▶ About this exercise
The line with "Portrait of Chinese" starts the range, and the last line of the listing ends it. Retype that range exactly, without pictures.

▶ Supplied material
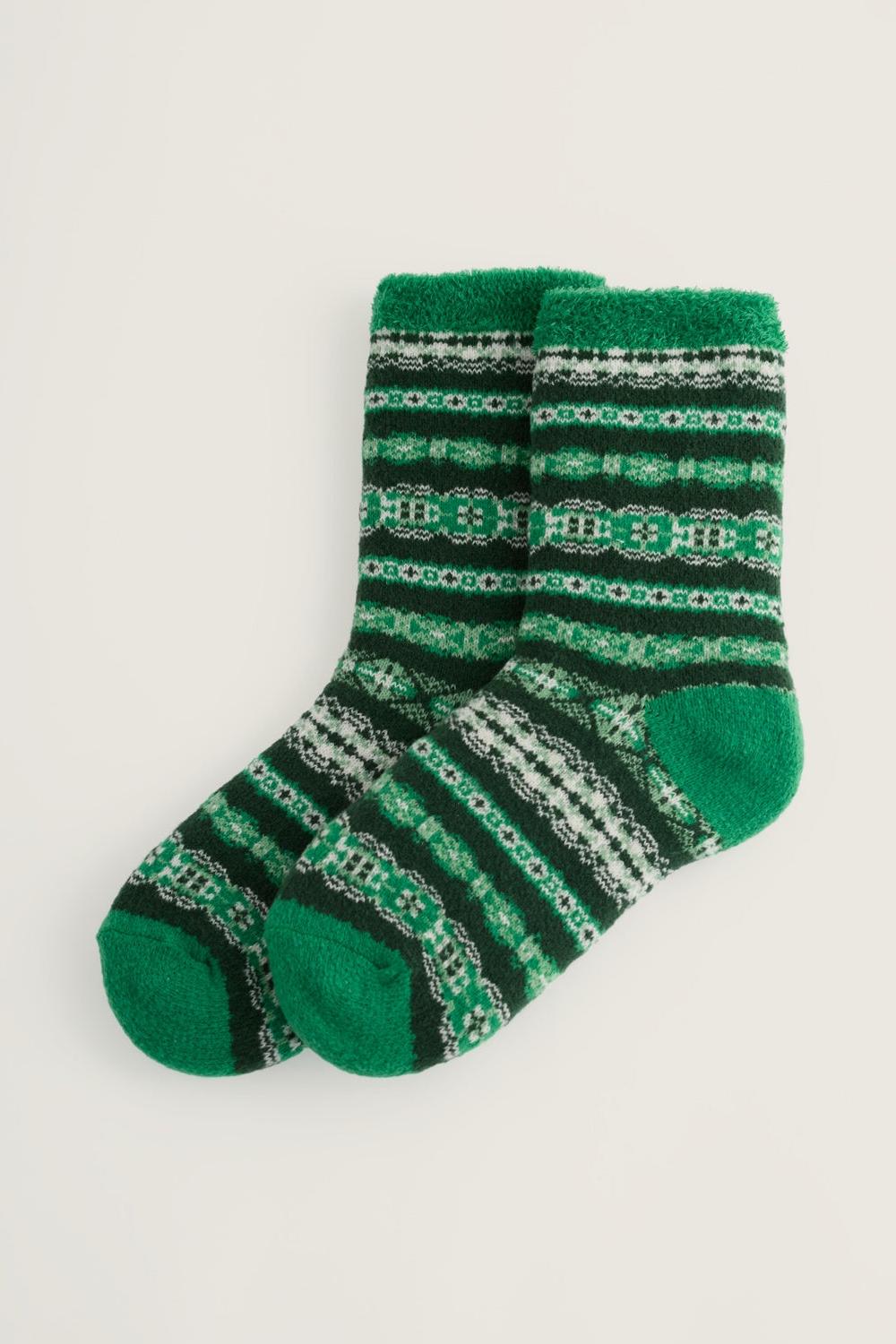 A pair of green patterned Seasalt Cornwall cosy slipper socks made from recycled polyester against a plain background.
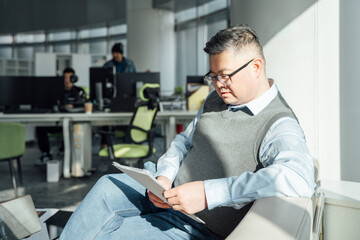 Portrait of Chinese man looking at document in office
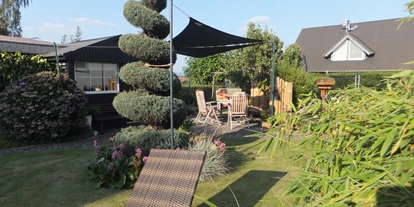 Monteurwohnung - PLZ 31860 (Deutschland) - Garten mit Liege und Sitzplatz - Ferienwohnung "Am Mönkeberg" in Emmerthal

▶ Solution to this exercise
 Portrait of Chinese man looking at document in office
 Monteurwohnung - PLZ 31860 (Deutschland) - Garten mit Liege und Sitzplatz - Ferienwohnung "Am Mönkeberg" in Emmerthal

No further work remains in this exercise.